The PES of the CH3SH + OH reaction was described on the doublet state in more detail using the single point calculations at the UCCSD(T)/aug-cc-pV(T + d)Z level, and the geometries, thermodynamic corrections, and zero points corrections at the MP2/aug-cc-pVTZ level. Therefore, the mechanisms and kinetics of the reaction were cleared using the mentioned levels. Our results showed that conventional hydrogen abstraction reaction from the SH functional group has more contribution than the others in the atmospheric degradation of methanethiol. Thus, on one hand, its pathway kinetically plays an important role. In another word, this path is a kinetic pathway. On the other hand, the obtained product from this path has more negative standard Gibbs free energy (\(\Delta G^{0}\) = − 32.03 kcal/mol) than the others.
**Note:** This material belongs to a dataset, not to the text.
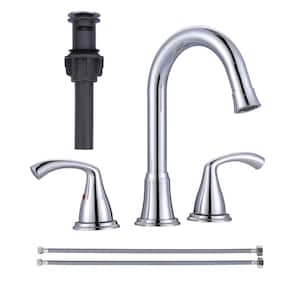 8 in. Widespread Double Handle Bathroom Faucet in Polished Chrome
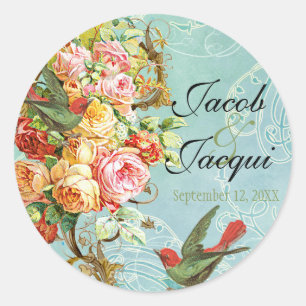 Sticker Rond Papillons papillon Rose vintage tourbillonne Éléga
The electronic structure calculations along with the kinetic calculation showed that another favorable path after R1 was R2 production, which was involved hydrogen abstraction from the methyl functional group of methanethiol compound by hydroxyl radical.

On the basis of the computed PES, it was concluded that the main path of the reaction was barrier-less, so, this system is ideal to investigate pressure effect. Up to now pressure effect on the title reaction had remained obscure, so our results clear it. The chemical activation mechanism for the R1 pathway was confined to the P1(CH3S + H2O) reaction product. It was confirmed that the overall rate of title reaction depends on not only the temperature but also the pressure. Therefore, the importance of variation of pressure on the gas-phase reaction of CH3SH + OH was proved in the atmospheric condition. The negative temperature dependent rate constant was observed for barrierless pathways and positive for another, while the pressure-dependent rate constant for the main pathway was positive. A comparison of the computed rate constants with experimental results indicated that the UM06-2X method with the aug-cc-pVTZ basis set was a good case to obtain reliable pressure and temperature dependent rate constants.

The fate methyl mercaptan in the atmosphere was determined by using the computed pressure-dependent rate constants in different altitudes and also using the computed high-pressure limit rate constant.

Finally, It was shown that the excitations of complexes in the beginning and in the course of reactions could play a very important role in the atmospheric reactions.